The task: Reproduce all the entries exactly and keep the pictures out.

(Record set begins)

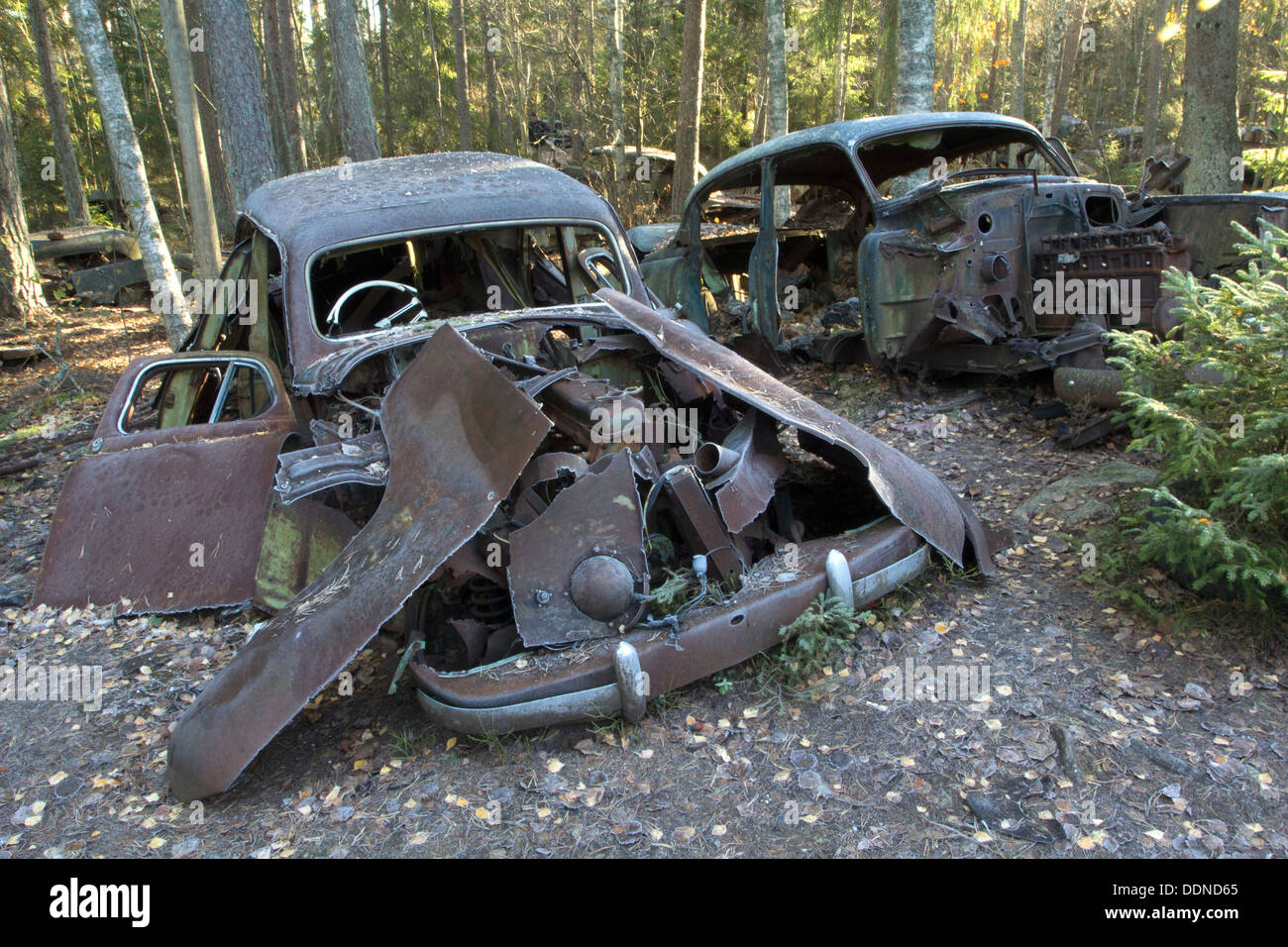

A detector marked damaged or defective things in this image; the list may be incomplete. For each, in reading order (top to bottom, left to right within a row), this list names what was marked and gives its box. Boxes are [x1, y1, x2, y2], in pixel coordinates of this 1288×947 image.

rusty metal panel [165, 326, 548, 798]
rusty brown paint [168, 326, 551, 798]
second rusted car body [35, 156, 989, 798]
rusted car wreck [32, 154, 994, 798]
distant rusted car [32, 154, 994, 798]
rusty metal panel [501, 451, 644, 644]
rusty metal panel [594, 284, 994, 575]
corroded fender [594, 284, 994, 575]
distant rusted car [636, 112, 1288, 399]
rusted car wreck [638, 110, 1288, 391]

(Record set ends)

Output for this exercise:
A detector marked damaged or defective things in this image; the list may be incomplete. For each, in reading order (top to bottom, left to right within a row), this list names what was marked and gives its box. Boxes are [x1, y1, x2, y2], in pixel coordinates of this 1288×947 image.

rusty metal panel [165, 326, 548, 798]
rusty brown paint [168, 326, 551, 798]
second rusted car body [35, 156, 989, 798]
rusted car wreck [32, 154, 994, 798]
distant rusted car [32, 154, 994, 798]
rusty metal panel [501, 451, 644, 644]
rusty metal panel [594, 284, 994, 575]
corroded fender [594, 284, 994, 575]
distant rusted car [636, 112, 1288, 399]
rusted car wreck [638, 110, 1288, 391]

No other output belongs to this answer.